There will be some people who don’t vote Tory. These include Scots who wish to remain in the EU. Some people will vote for Labour, despite Jeremy Corbyn. This is because it is impossible for the Tories to defend their record. There might be some die-hard Brexiteers who want to ‘get Brexit done’, and, if so, even Dennis Skinner will lose his seat.
But Johnson is a pest, and doesn’t deserve to get a majority. If he does, he will find the country unmanageable.
Labour for me has many faults. It has people who are MPs whom I dislike. It has policies which I think are over-the-top.
I have voted Labour all my life. I am now 45.
To be honest, Jeremy Corbyn’s personal style annoys me sometimes; he can appear stubborn and aggressive. There is, no doubt, some frustration on his part, for how the media chooses to interact with him.

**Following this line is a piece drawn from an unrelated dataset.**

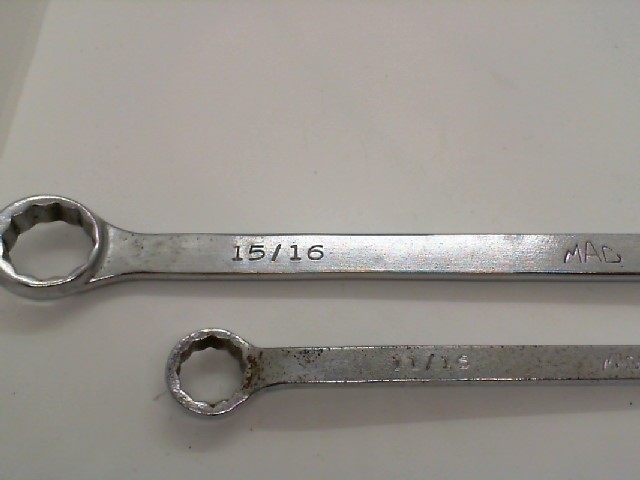 Vintage Mac Tools Boxed End Wrenches SAE 12pnt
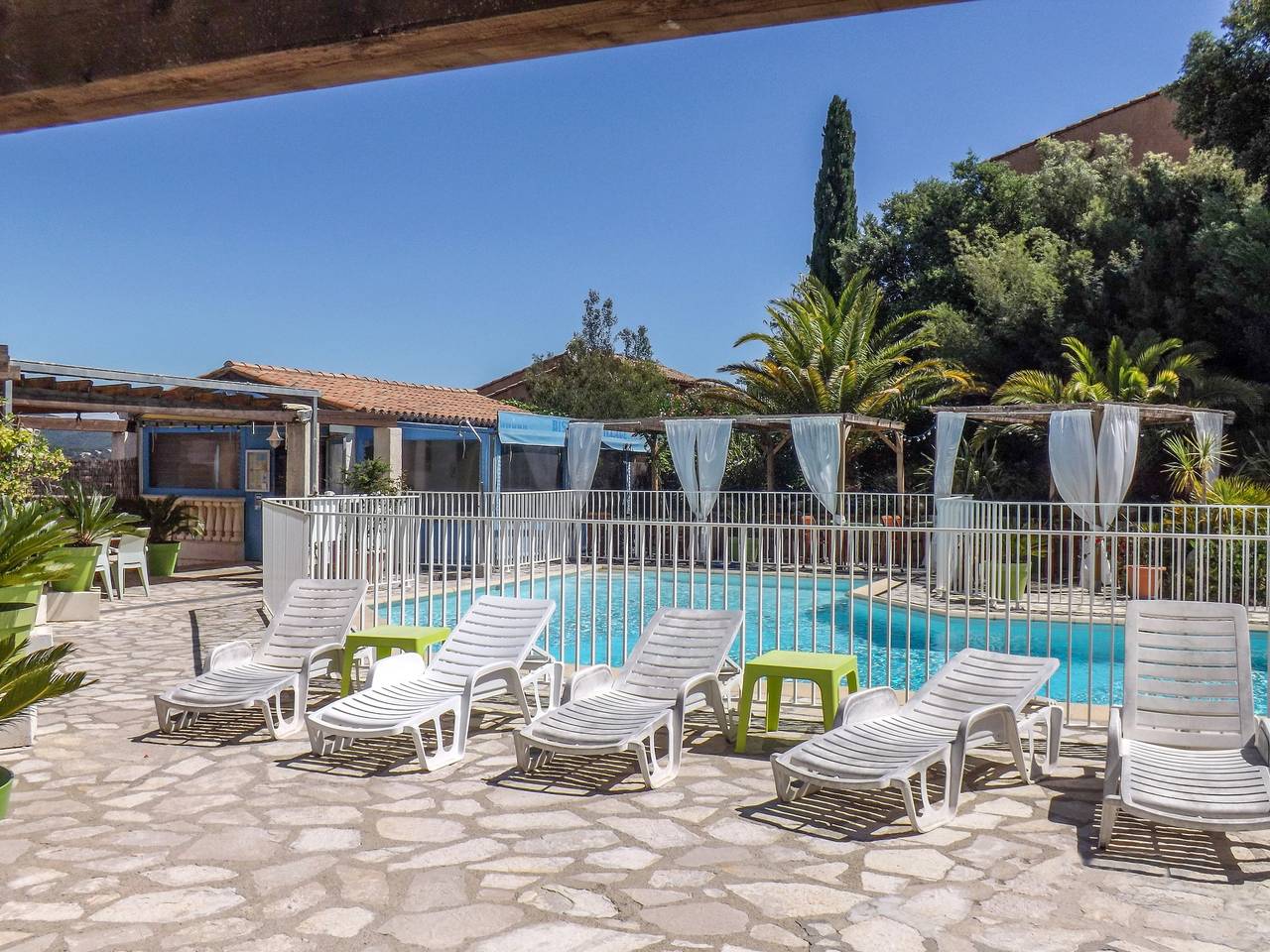Charmantes Haus in Cogolin mit Meerblick und Pool in Gassin, Draguignan Region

I just wish Brexit would go away. With the outcome of Brexit to run into the millions or billions, I think the democratic vote has been exercised enough. I don’t think it was the ‘will of the people’ to impose savage devastating cuts in living allowance on disabled people. I don’t think it was the ‘will of the people’ to introduce NHS reforms in 2013, or to slash legal aid. Or maybe it was the will of some people.

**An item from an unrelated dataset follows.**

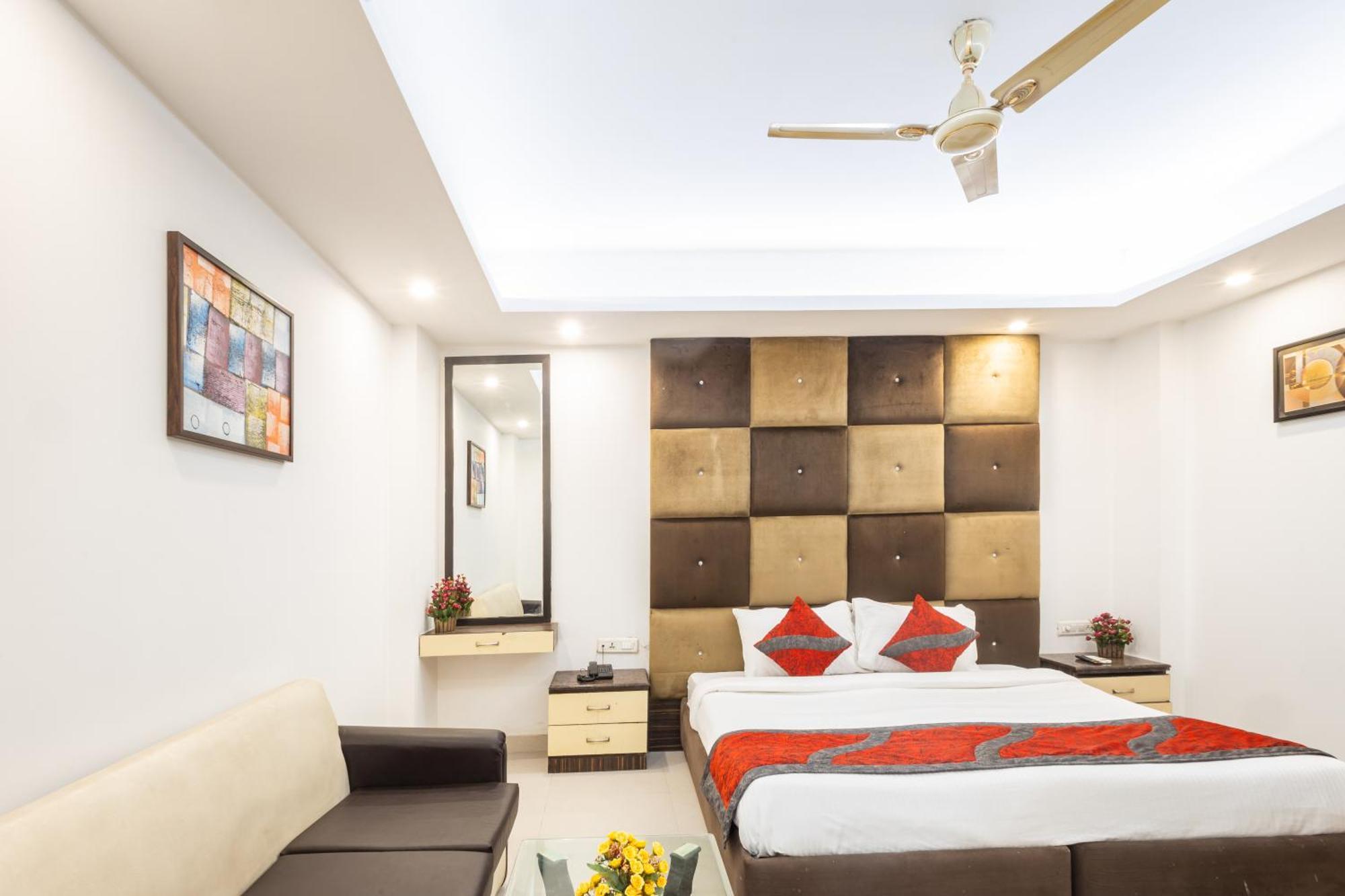 Hotel The Gold Inn - Karol Bagh Delhi Zewnętrze zdjęcie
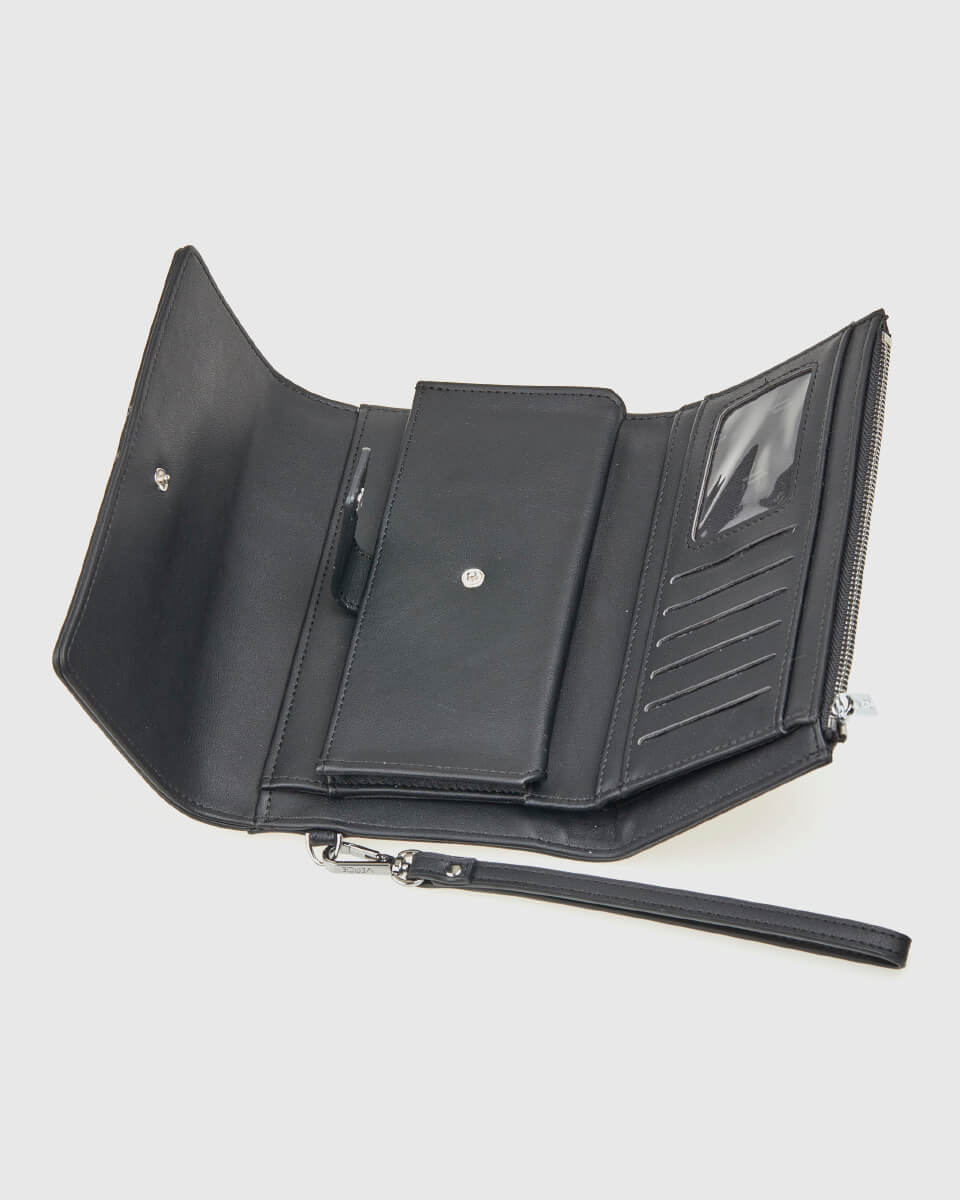 VERDE ΓΥΝΑΙΚΕΙΟ ΠΟΡΤΟΦΟΛΙ 18-0001567 ΜΑΥΡΟ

I am not particularly interested in the views of somewhat narcissistic supporters of Jeremy Corbyn pretending to be Nobel Prize winners in economics.
Social care is on its knees. The national debt is now running into the Trillions. David Cameron has set in play a chain of events where we are closer to leaving the European Union, and breaking up the domestic Union.
Taking back control puts international supply chains at risk, international political influence at risk, and lives of people living on essential medications at risk.
I think Boris Johnson loves himself too much, and is not quite as intelligent as he thinks. His Withdrawal Agreement Bill is truly a dogs’ dinner.
We should be prepared to forgive and forget. We all make mistakes – even Tony Blair. But the Liberal Democrats have in their time made some ‘whoppers’ over NHS reforms, legal aid reforms, and austerity in general.
I dislike the outcome of the Referendum of 2016, but this a Tory treaty which has been drafted up by the Tory party for Brexit-leaving voters. It seems far more desirable to try drafting another exit strategy with a fresh pair of hands, and to see whether the UK can approve it. Maybe they can. Maybe they won’t.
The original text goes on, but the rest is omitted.